In “Kaleidoscope”(2012), the other large piece in the room, a layering of shape and color works together with the silkscreened image of Melnikov’s hexagonal windows as they wrap around his studio, creating a play of forms that hints at the complexity of the backstory of the two men that so engages Diao. Melnikov, famous in 1924 for his design of Lenin’s tomb in Moscow’s Red Square, soon became, like Malevich, a censored member of the avant-garde and turned to painting when his architectural license was revoked in 1937. Malevich, after the early Suprematist exhibitions were similarly restrained, as we understand this history from afar, and began to make, among other things, highly abstract architectonic models that foreshadow the architectural modernism that was yet to come.

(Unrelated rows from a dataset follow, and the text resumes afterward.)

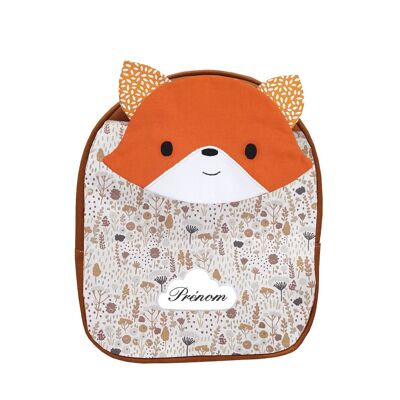 Caramel Backpack Red Fox and Wild Herbs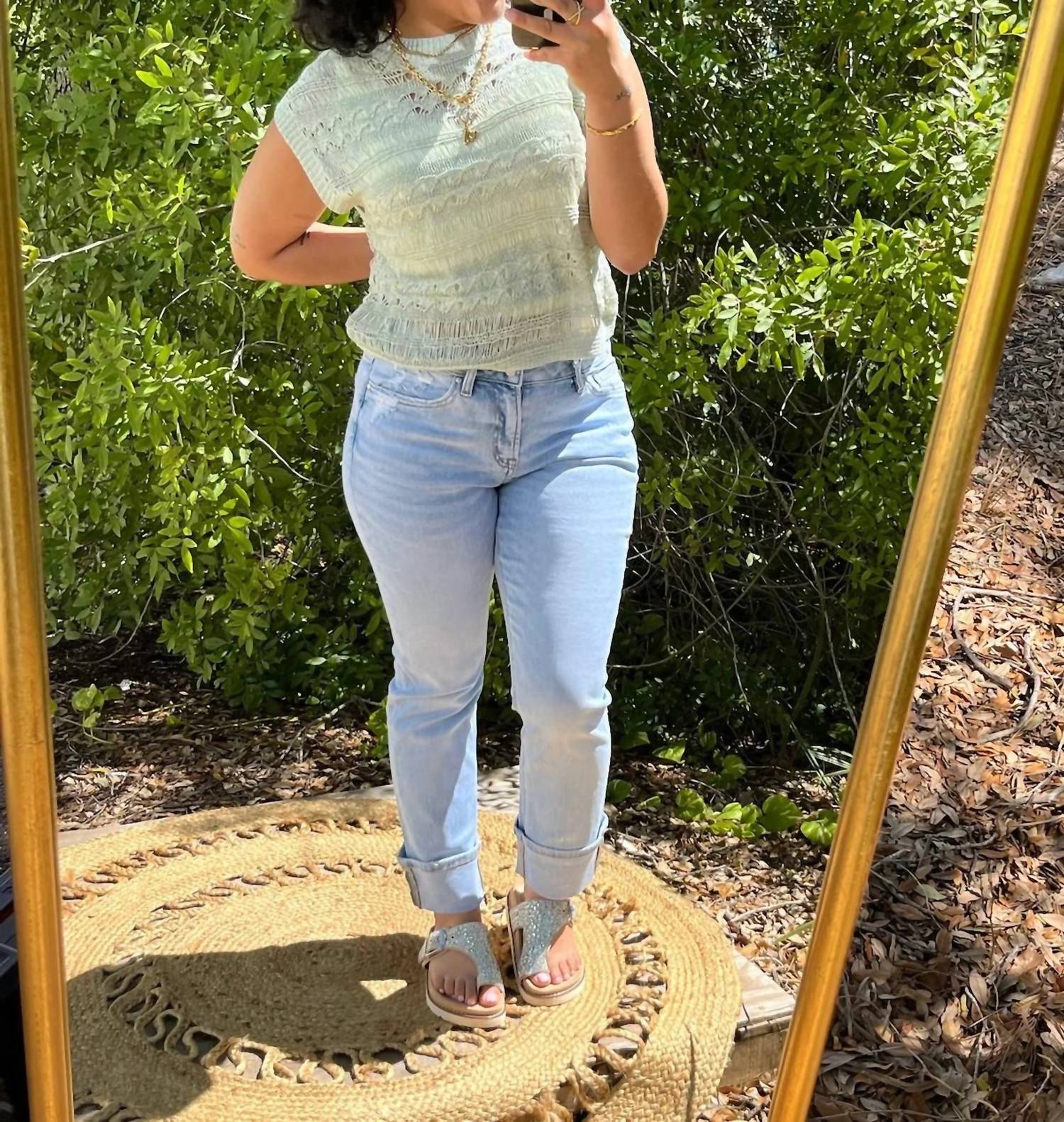 Mystree - Cabana Crochet Top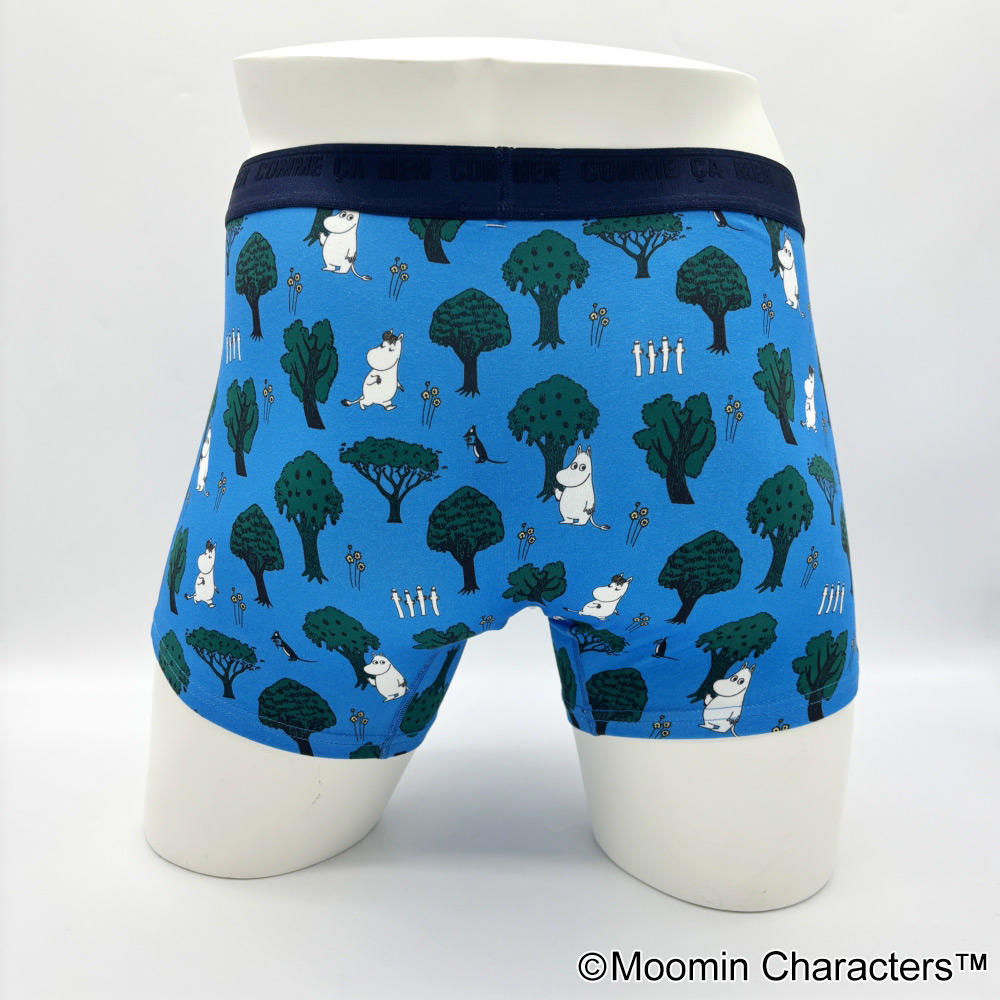 森の中のムーミンと仲間柄 前開き | 商品詳細 | 高島屋オンラインストア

“Kaleidoscope” works formally here in a way that is counter to “Konstantin Melnikov Architect” (2012), “Suppressed (small)”(2012),and “Hobbled”(2012), the text-based paintings hanging next to it. Using a schematic plan of Melnikov’s 1927 house and studio configured as a Venn diagram, Diao overlays a text meaning “hobbled” or “suppressed” in Russian, allowing the content to be determined both referentially and linguistically. The words Diao chose for this body of work—“hobbled” and “suppressed”— point to not only aspects of Melnikov’s creative life, but also to the condition of receivership on the part of the works’ audience. Formal interaction and interpretation of nomenclature is by definition nil, and these works, next to the more fluid and permeable large works, “Kaleidoscope” and “KM,” seem both limited and paradigmatic of the shifting currents we are moving through at present.
When Diao’s use of Melnikov’s architectural space opens up a void in “KM”(2012), a “K” and an “M” (the initials of both men), seem to hover, stationed neither on the depicted wall—here rendered in a brilliant turquoise—nor on the surface of the painting, despite the texture resulting from being sponged on with stencils. Suspended, they signal his life, as well as Malevich’s, caught as they were in and by the imperatives of the given political regime. The simple forms of the wall in the painting reach out and wrap around the room, which is a relief in this context, as the forms and color are released to speak—each in their own way. Unrestrained by a dominance of theory or dependence on text, and where tendencies and materials that are familiar are being employed, a shift in emphasis is evident. In this formal working through of paintings’ language, both subject and object are finally released from the hegemony of an oppositional sensibility. The questions Diao’s work raises: Are we distant enough from the reign of semiotics for color and form to begin to regain their autonomy and power of signification? Is it only through recourse to the architect’s subject—the body—that a door has been opened for painting?
In the back room three works by Diao and an additional wall sculpture by Raad extend their longstanding dialogue.
The dominance of theory and semiotics in art criticism over the last 25 years has taken its toll on the art experience. Beauty too, has been its causality. Where it would be overstepping the bounds to say that beauty in any form is a primary concern here, the workings of formal language do allow for an entry point.